DATA –
• • •

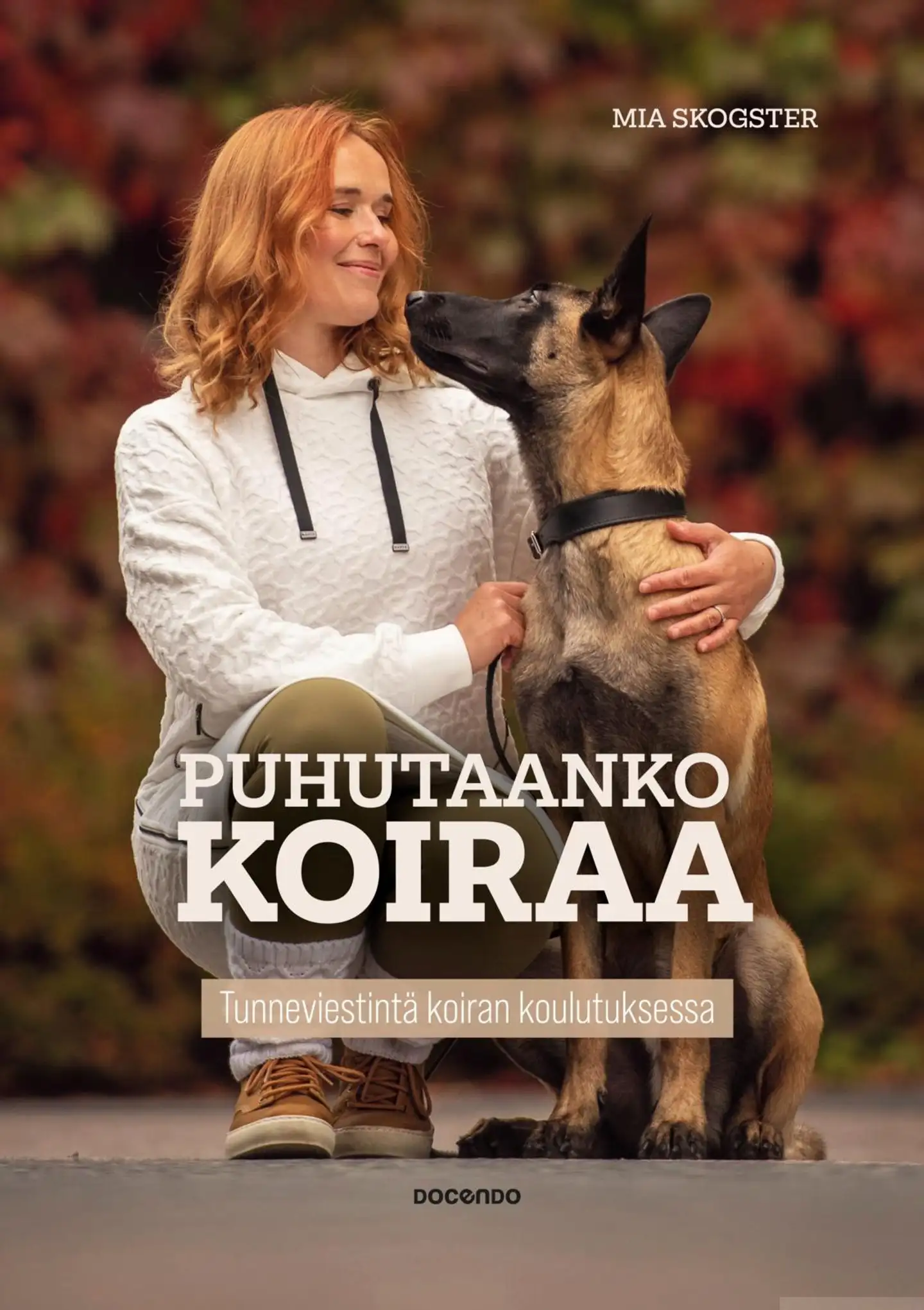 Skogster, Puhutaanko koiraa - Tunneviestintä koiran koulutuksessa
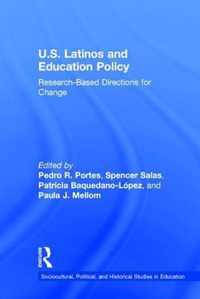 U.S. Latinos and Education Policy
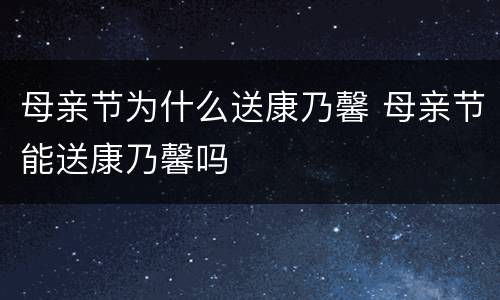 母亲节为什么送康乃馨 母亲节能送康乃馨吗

• • •

EXERCISE GOAL –
Leave the pictures aside. Set down exactly the lines from the one with "U.S. Latinos and Education Policy" through the final line of the listing above.

ANSWER TO THIS PROBLEM –
 U.S. Latinos and Education Policy
 母亲节为什么送康乃馨 母亲节能送康乃馨吗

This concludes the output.